I did thumb out my shots (in an only Tim can understand these scribbles sort of way) but I've always wanted to do that professional wall of postit notes. Postit note walls look so pretty

(This is the Bizarre take off and flipmo scene to the child care)

I should also say this was my first time using Storyboard and it's a pretty great program. It's as straight forward as you can get. It does help though at the start to customise the shortcuts to what you want or what you're used to.

Planning what was going to happen in the clip though was tough mostly because I was struggling with ... I guess a moral balance. I wanted to take this clip on because it was super pulpy and that would give me a lot more freedom with the animation but at the same point I want my partner and my female friends to also enjoy it. A favourite director, Hiroyuki Imaishi, once wrote that there is nothing worse than only going halfway and that he'd rather go too far than to only go halfway with his work. So that is a quote that I always have in the back of my mind, I didn't want to pussy out but I did want that female audience so I had to make up some ground rules.

1. The women must never look like they are in situations against their will and in most cases initiating the situation
2. The design of the women must look unique and have a little thought into who they are. They must look like real characters not something from DC comics

There were some other rules but there's a few contradictions that I made haha. Oh another thing is there is no female nudity there's actually some male nudity. A couple of penis and ass shots but no one has spotted that haha. Oh one of the random comments I got on my art facebook page was from a wonderful girl who wrote 


"Glad i found you, Love your art work on the Milfs video ^_^ to awesome had to find you and show support" 
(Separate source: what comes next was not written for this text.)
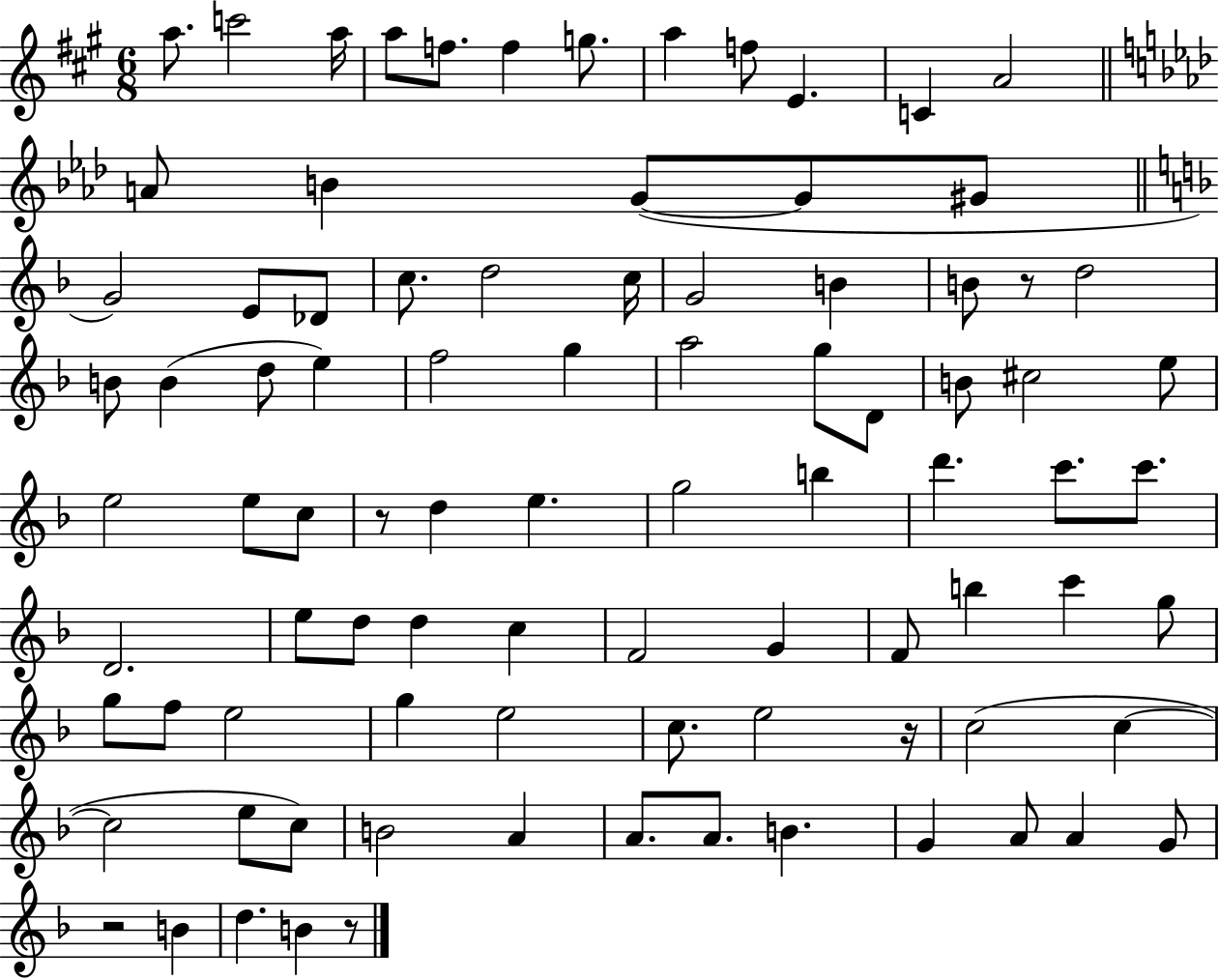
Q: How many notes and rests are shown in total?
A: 89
That to me felt like I achieved my goal. That I had hit my mark. I should point out however after the video was released there were 2 almost instantaneous dislikes on youtube, no bad comments but those 2 dislikes made me feel like I dropped the ball. So it was great to receive that comment a few days later. 


Anyway I've jumped a little ahead here but I should mention the design of everything. The design did happen as I was storyboarding so my post is still sort of in order. 



The sketch of R Twizz, the milf and the kid is what gave me a direction with how I was going to approach the whole clip. I thought it was pretty wrong and hilarious.

When I finished my film Porcelain someone challenged me that it was a little too 'fanime' that they'd be more interested in seeing what my own style was. So I started trying to draw every day and try and find and develop what I was comfortable with... I still am not really sure what my style is and to be honest all I think I ended up doing was adding on more influences (Robert Valley, Scott C, Kate Beaton and the most influential Yasuo Otsuka Lupin designs) onto my drawing style. I am developing something I think though.

This is the first film I made to test my new drawing style


This was done a while before I was even offered the videoclip job but I did like the drawing and animation style. Mixing solid strong poses with rubber hose animation, modulating frame rates and photoshop painted backgrounds. I've been developing and pushing this style a bit though the loopdeloop competitions but it was time to give it a serious go and this videoclip was my chance to try it professionally.

With the background art I wanted to be a bit more expressionistic and the first few shots that I did had very little detail and just painted mess but somewhere along the line I fell back into my usual style of lots of little details. That cost me so much time and effort. I'm happy with the results but it really did add 4 extra weeks onto my production.  So need to streamline my background work and not get so worn out by it.


This background that I made a night and day version for was my attempt at doing those old cartoon network style backgrounds. I'm actually a bit over this sort of stuff haha so I'm not sure why I wanted to do it. It was just what I pictured in my brain when I was thinking of a suburban neighbourhood with a lot of desperate house wives.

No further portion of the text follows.